■ **What you are asked to do**: Look below for the line containing "Mons Pubis Reduction"; from there through the line containing "ラヴレボーテ(La Vraie Beaute)の雰囲気（加工なし、当サロンのニキビケア改善症例）", both lines included, please set down each line exactly and nothing else.
*** Given records ***
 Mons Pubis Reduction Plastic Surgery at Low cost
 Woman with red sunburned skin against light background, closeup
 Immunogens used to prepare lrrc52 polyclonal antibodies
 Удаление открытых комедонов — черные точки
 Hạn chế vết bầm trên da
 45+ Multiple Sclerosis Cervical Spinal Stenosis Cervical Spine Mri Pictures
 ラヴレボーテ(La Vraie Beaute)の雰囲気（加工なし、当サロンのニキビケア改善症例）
***
*** Given records ***
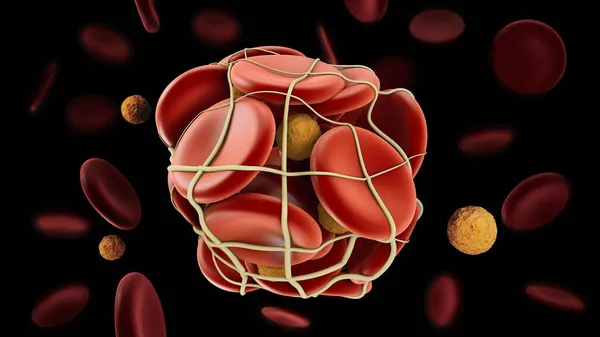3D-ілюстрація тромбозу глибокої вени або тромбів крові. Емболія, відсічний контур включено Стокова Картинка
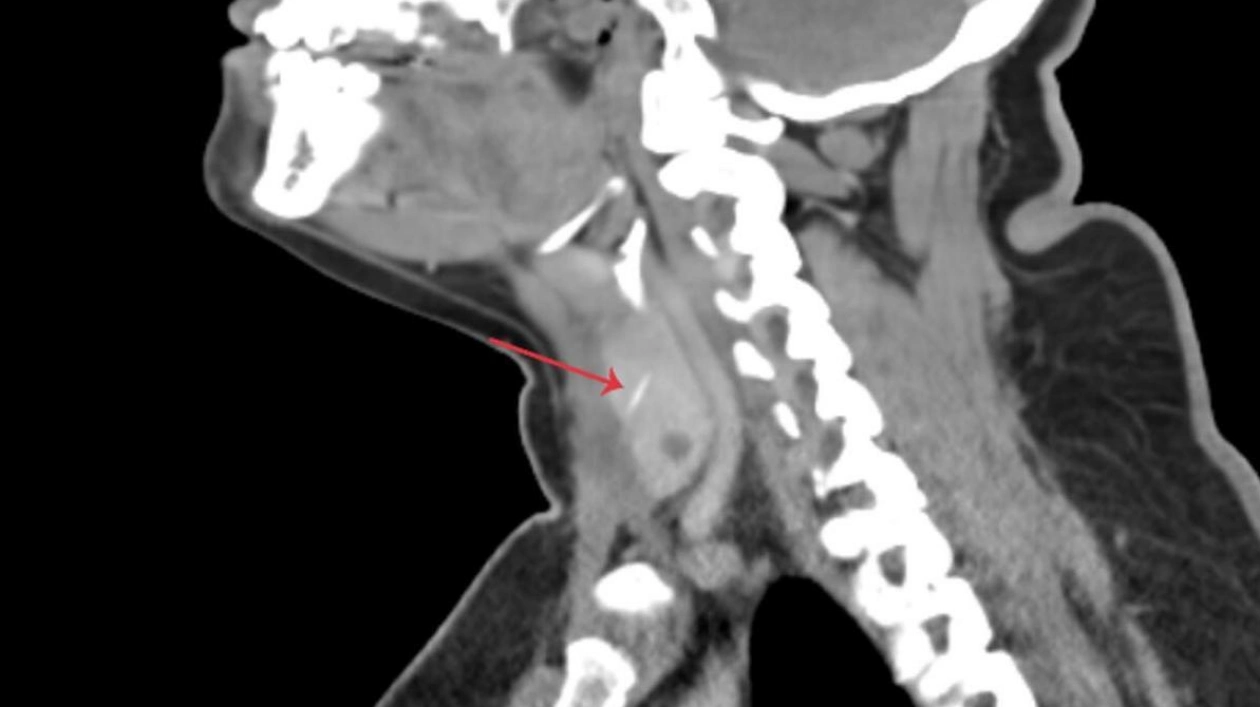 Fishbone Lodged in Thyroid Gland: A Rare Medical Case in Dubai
***
■ **Solution to the exercise**:
 Mons Pubis Reduction Plastic Surgery at Low cost
 Woman with red sunburned skin against light background, closeup
 Immunogens used to prepare lrrc52 polyclonal antibodies
 Удаление открытых комедонов — черные точки
 Hạn chế vết bầm trên da
 45+ Multiple Sclerosis Cervical Spinal Stenosis Cervical Spine Mri Pictures
 ラヴレボーテ(La Vraie Beaute)の雰囲気（加工なし、当サロンのニキビケア改善症例）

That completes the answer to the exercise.